Beginning with the line that holds "Lone Person Ice Skating Under Heavy Clouds", output every remaining line of the material below exactly, and include none of the pictures.
Provided data Block Start
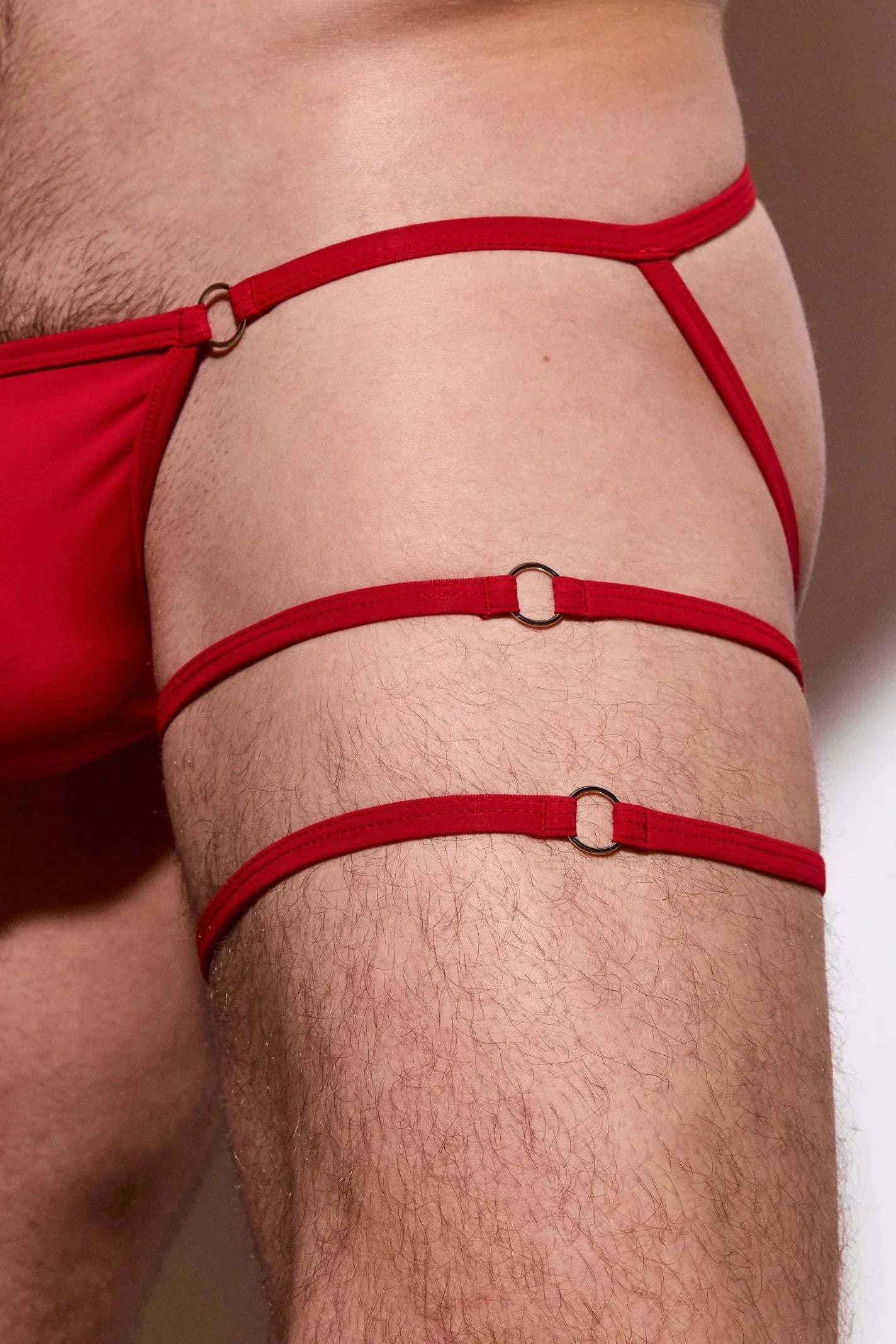 Close-up of male thigh wearing red strappy underwear with ring detailing, sexy men's lingerie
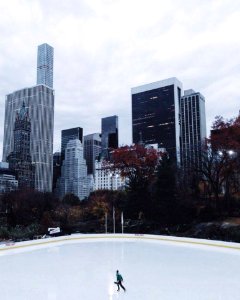 Lone Person Ice Skating Under Heavy Clouds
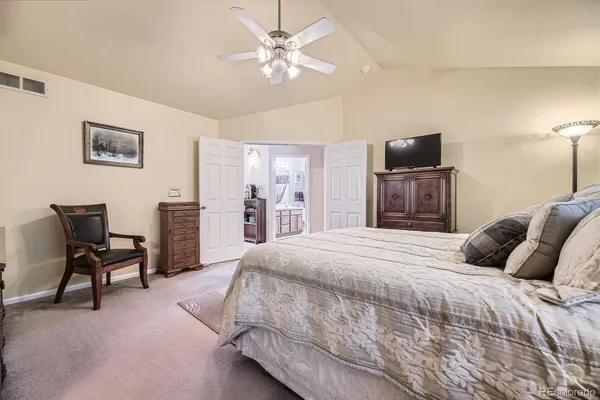 a bedroom with a bed and a television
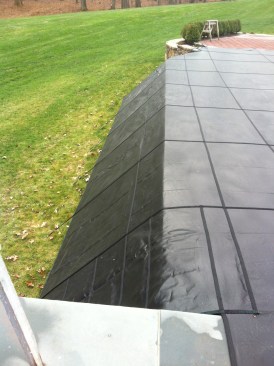 A safety cover extends over a vanishing-edge wall.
Provided data Block End
• [Solved problem]
 Lone Person Ice Skating Under Heavy Clouds
 a bedroom with a bed and a television
 A safety cover extends over a vanishing-edge wall.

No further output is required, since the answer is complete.